The company's newly developed compact system, the Logiq P6, will debut at RSNA 2008 as the first member of a new "performance" platform of GE products that will cross segments of healthcare including cardiology and radiology, according to Terri Bresenham, vice president of GE Healthcare's diagnostic ultrasound and IT business. The console-based system will feature several transducers and onboard image display and archive capabilities.

"From talking with radiologists, we have defined a need for high-end performance in a more affordable platform with a footprint size that will allow it to go into small rooms and easily maneuver down hallways and into elevators," Bresenham said. "The P6 will provide high-end performance with high-end image quality and applications in a very compact package."

GE will also add an optional cart for its otherwise hand-carried Logiq i, a move designed to fill a ready-made niche for use in interventional and surgical suites, as well as in the ER. The docking station will support peripheral devices for storing and printing images yet allow the Logiq i to undock to get wherever else it needs to go.

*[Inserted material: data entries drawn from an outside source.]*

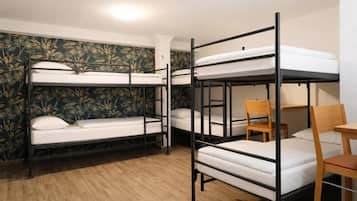 A dormitory room with bunk beds, a wooden chair, and a small table.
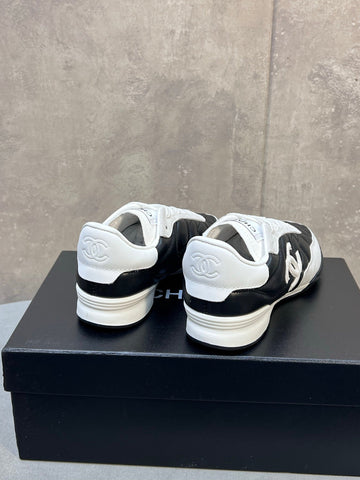 CHANEL 26S SNEAKERS IN BLACK AND WHITE QUILTED CALFSKIN CC LOGO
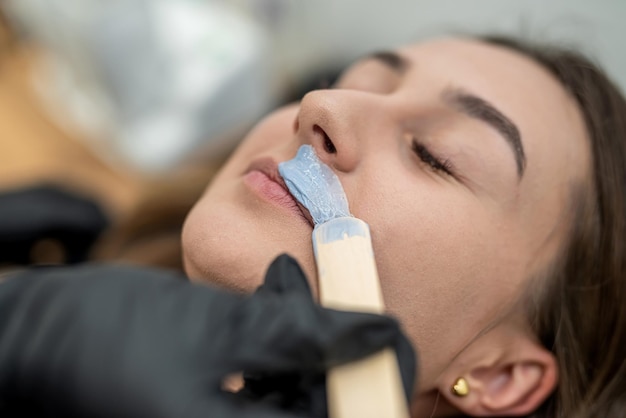 Beautician removes unwanted hair from a girl's upper lip the concept of depilation mustache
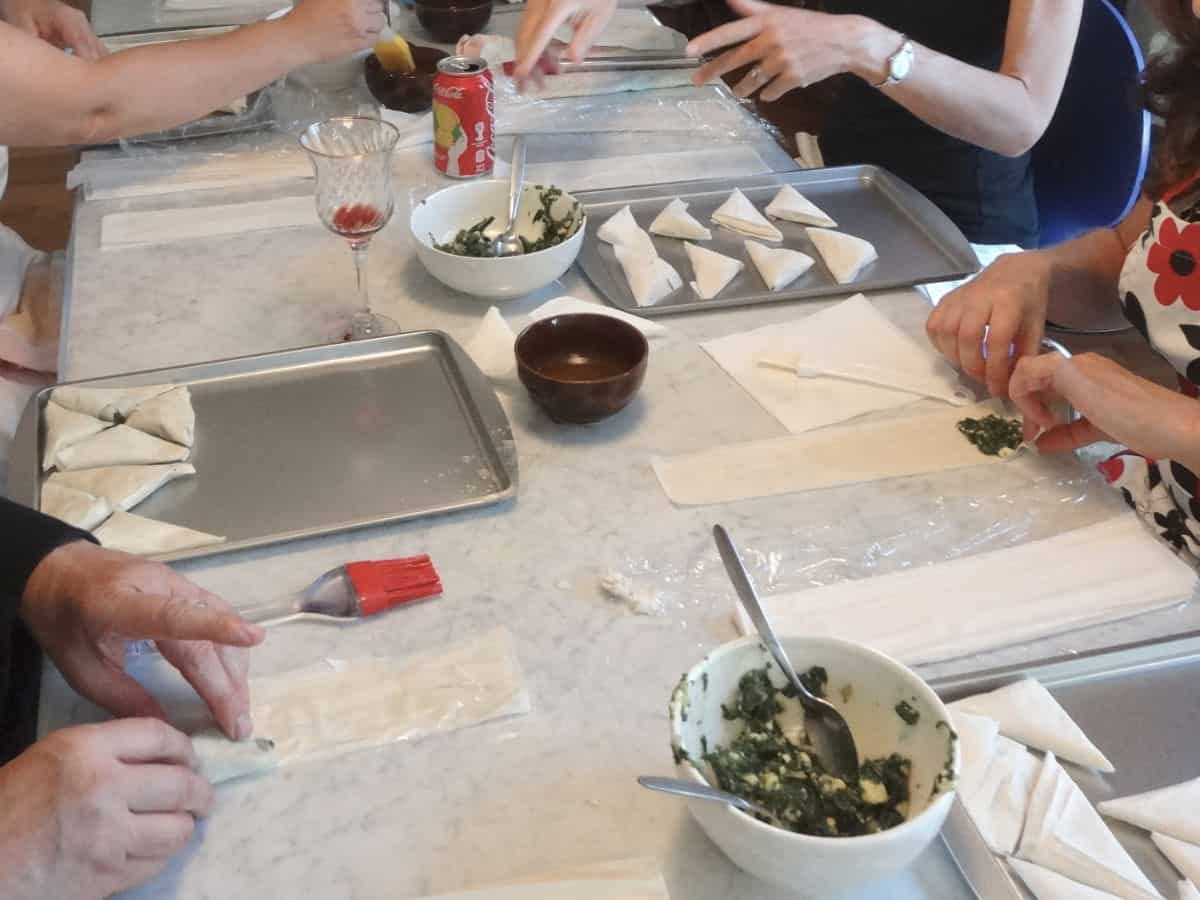 In the spanakopita class, students are folding the pies. 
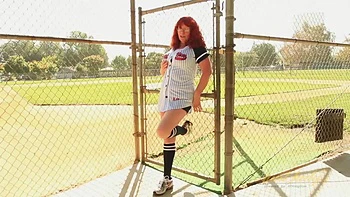 Suzanne strips and fingers her mature pussy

ULTRASOUND MEETS MR, CT Philips will highlight its own special blend of ultrasound and other modalities, which is designed to improve interventional guidance. Last year, the company showed in its booth a combination of the iU22 and an interventional navigation system developed by Traxtal to guide soft-tissue biopsy and ablation procedures. The combination fuses realtime ultrasound into MR or CT images. This year, the two companies have tightened their link with a digital connection between the freestanding PercuNav workstation and the iU22 that allows better image quality and communications. GE presented its idea of data fusion this summer with the unveiling of flagship Logiq E9. The new scanner's Volume Navigation continuously updates the volumetric model of a patient, created from CT or MR, with real-time ultrasound data, offering moment-to-moment guidance for interventionalists. A GPS-like function visually tracks the surgical instrument in real-time in a context provided by CT or MR. The transducer is registered in 3D space using a magnetic field that serves as a virtual stereotactic frame.

The new scanner's architecture and novel technologies go well beyond interventional applications to enable real-time volumetric scanning throughout the body. The Logiq E9 represents a level of performance not before seen on the market, according to Bresenham.

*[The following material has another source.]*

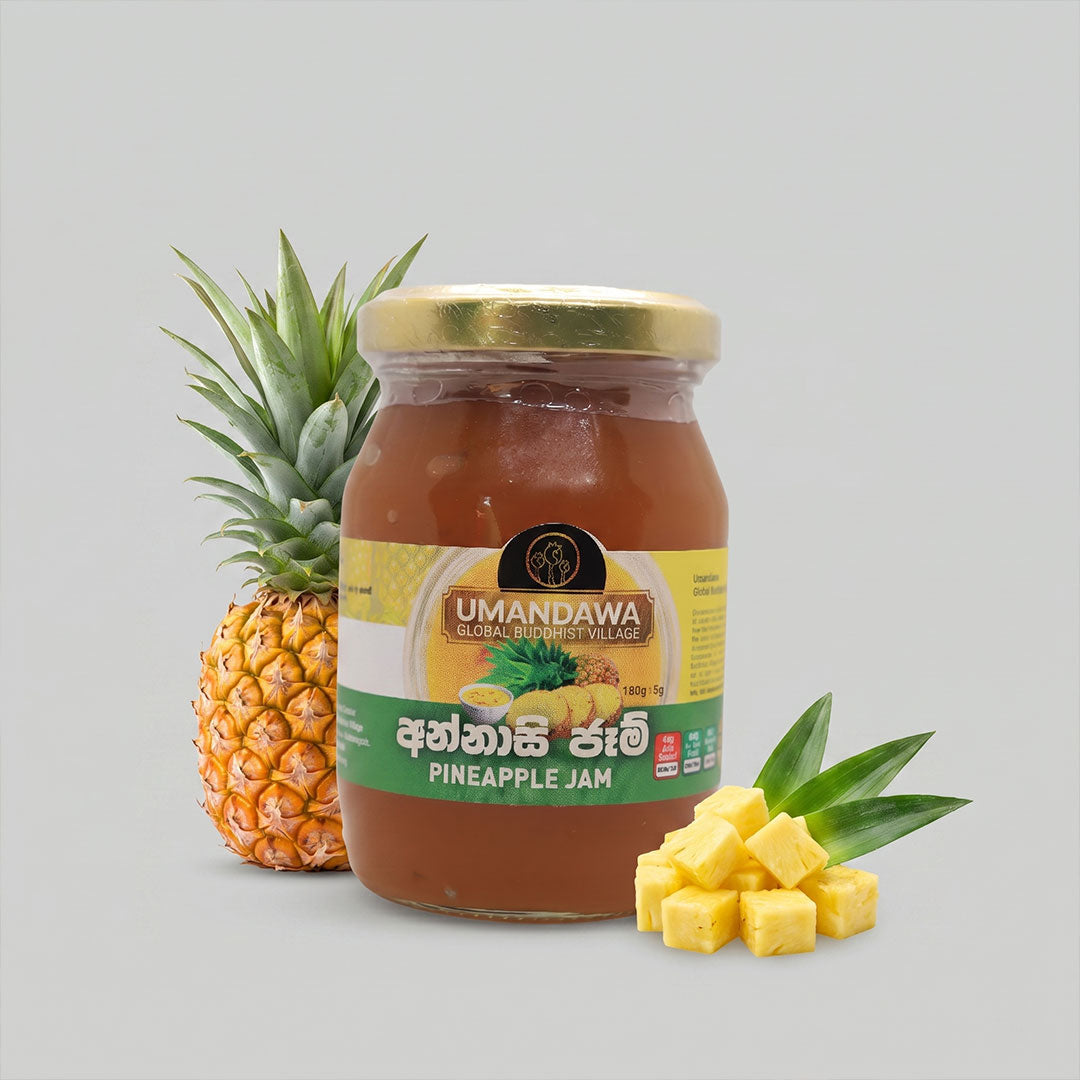 Jar of pineapple jam with fresh whole pineapple and pineapple cubes on light background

Matched with GE's new breed of Agile beamformer, which works with the Logiq E9's advanced ESeries transducers, this architecture provides extraordinary image quality and uniformity, she said.

Bresenham and colleagues will promote at RSNA 2008 the increased penetration and sensitivity possible with the system, which makes use of a new acoustic amplifier built into the transducers. This allows structures to be visualized regardless of their depth in the patient, especially important when scanning obese patients.

Workflow tools built into the new system streamline routine scans, reducing the time and effort needed to do an exam. These tools, packaged as the E9's Scan Assistant program, can cut keystrokes by 79%, according to the company. Fewer key strokes, along with automation that makes and records needed measurements, for example, or steers color Doppler to create optimal images, can reduce exam time by 54%.

Countering weaknesses inherent in ultrasound, whether through more efficient protocols, increased automation, or novel technologies, constitutes a type of innovation tailor-made for this year's RSNA meeting. The true value of these innovations will be appreciated, however, in the marketplace, where we're seeing some tough economic challenges.